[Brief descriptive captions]
▼

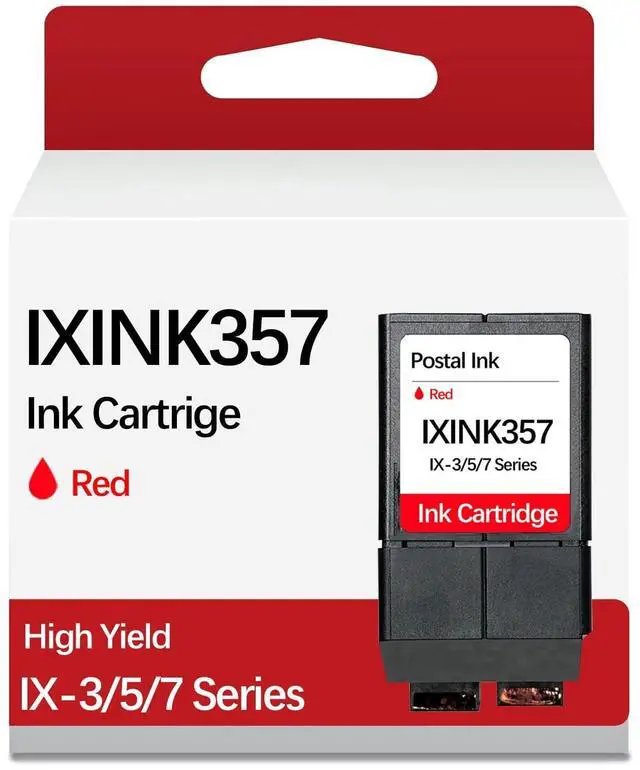 Main image of IXINK357 Neopost Compatible Ink Cartridge Replacement for IX3 IX5 IX7 Pro Series Mailing Systems Postage Meter Fluorescent Red Postage Ink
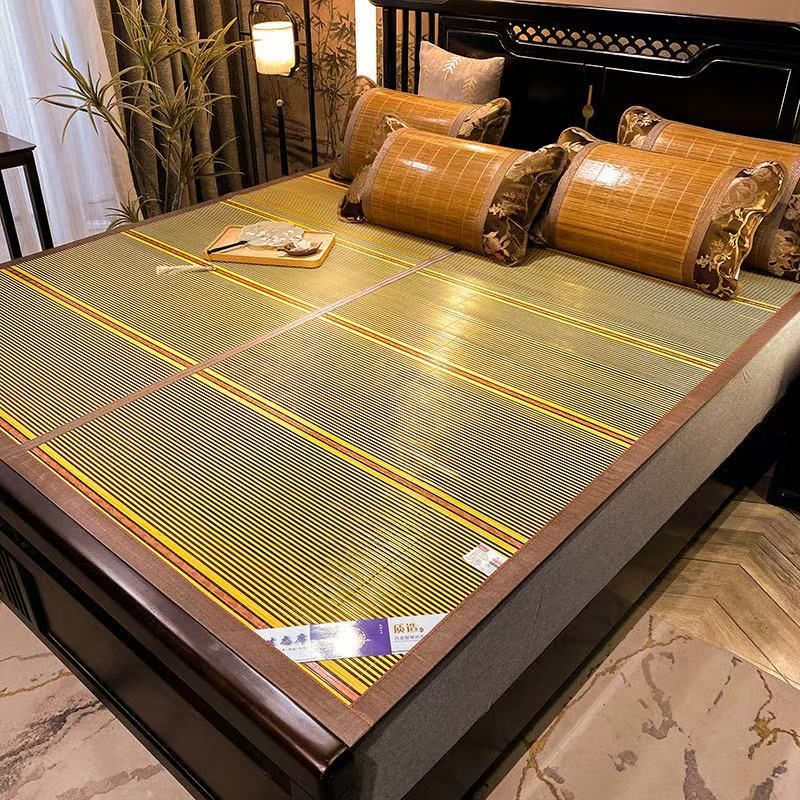 Summer mat pure natural carbonized bamboo mat foldable household bamboo mat double-sided rattan mat student dormitory ice silk mat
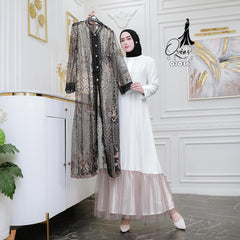 GAMIS OZIAS TILE 07036 LD 105 I Gamis Kondangan Rompi I Gamis Casual Panjang Muslim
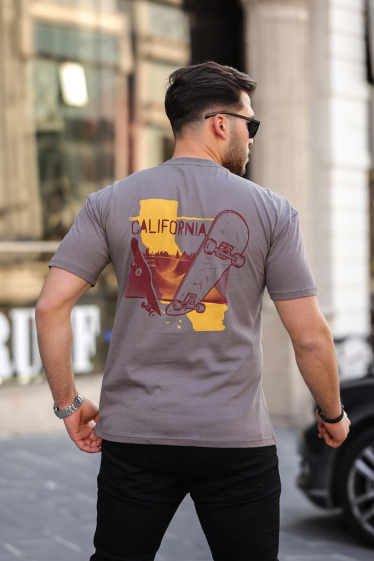 Grossiste TRICKO - T-shirt homme manche courte col rond imprimé CALIFORNIA sur les deux Faces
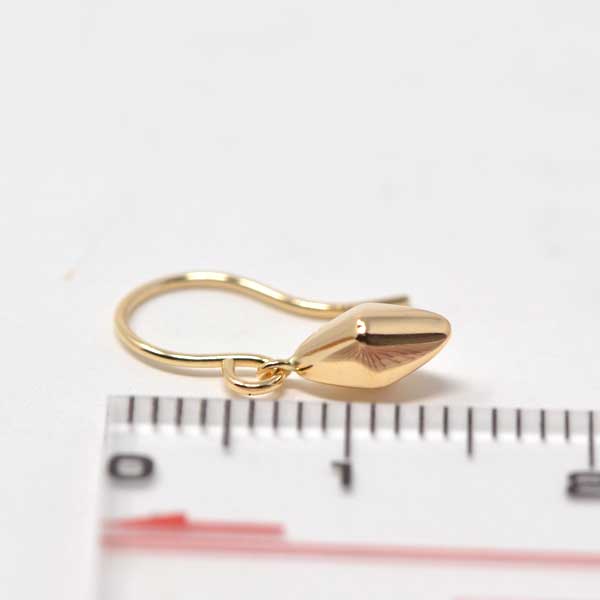 フック ピアス ひし形 菱形 ぷっくり 可愛い アメリカン 18金 k18 18k
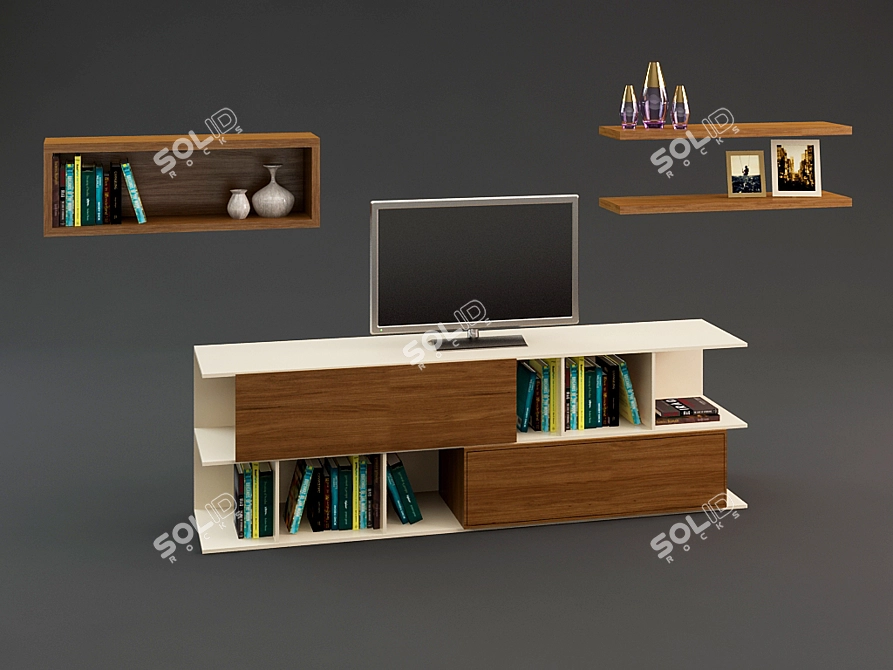 Compact Living Room Furniture Set 3D model image 1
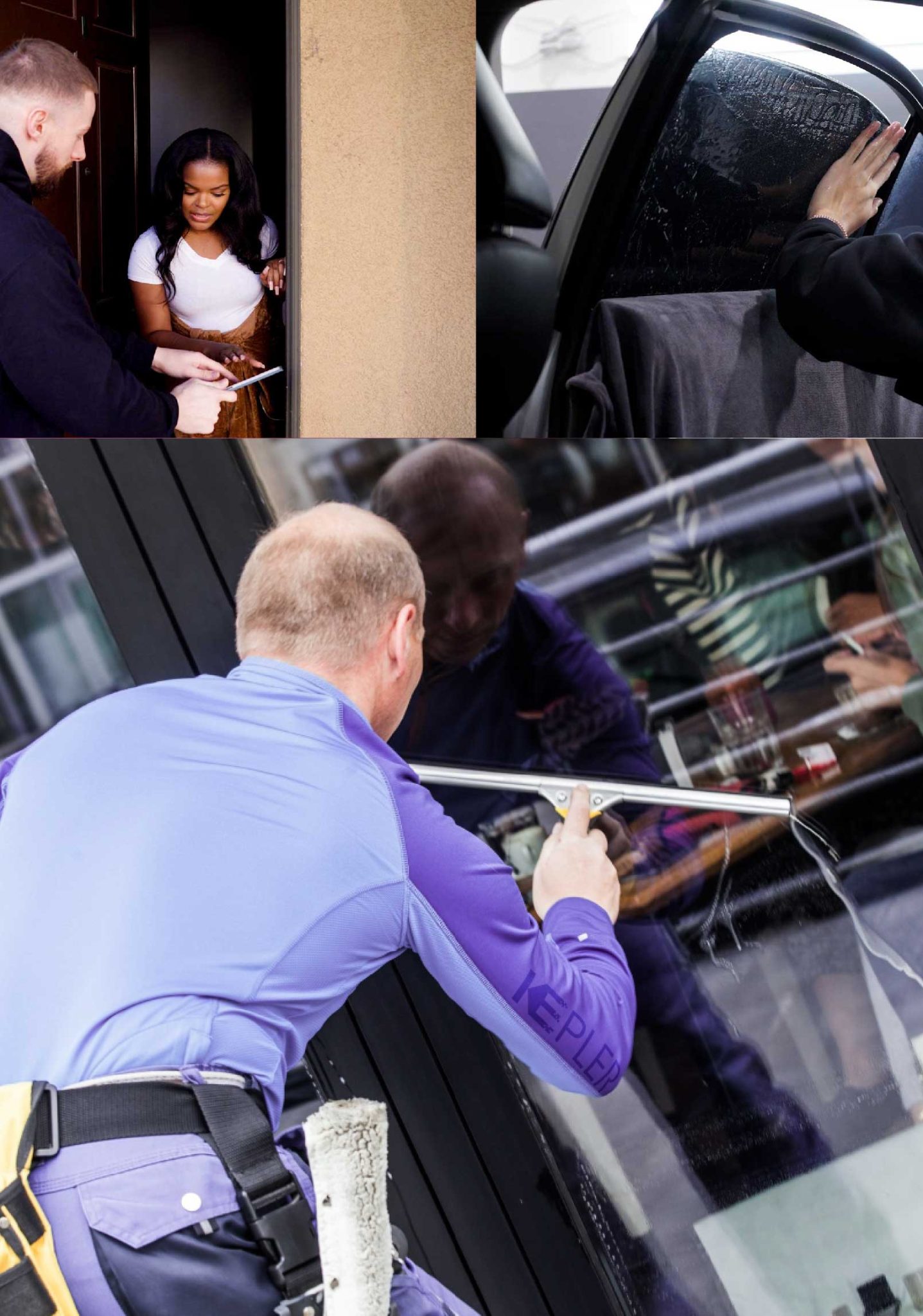Kepler Professional Applying Anti-Graffiti Window Film to a Burbank Shop Front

▲

THE TASK
Each entry should be output word for word, with no pictures carried over.

RESULT BELOW
 Main image of IXINK357 Neopost Compatible Ink Cartridge Replacement for IX3 IX5 IX7 Pro Series Mailing Systems Postage Meter Fluorescent Red Postage Ink
 Summer mat pure natural carbonized bamboo mat foldable household bamboo mat double-sided rattan mat student dormitory ice silk mat
 GAMIS OZIAS TILE 07036 LD 105 I Gamis Kondangan Rompi I Gamis Casual Panjang Muslim
 Grossiste TRICKO - T-shirt homme manche courte col rond imprimé CALIFORNIA sur les deux Faces
 フック ピアス ひし形 菱形 ぷっくり 可愛い アメリカン 18金 k18 18k
 Compact Living Room Furniture Set 3D model image 1
Kepler Professional Applying Anti-Graffiti Window Film to a Burbank Shop Front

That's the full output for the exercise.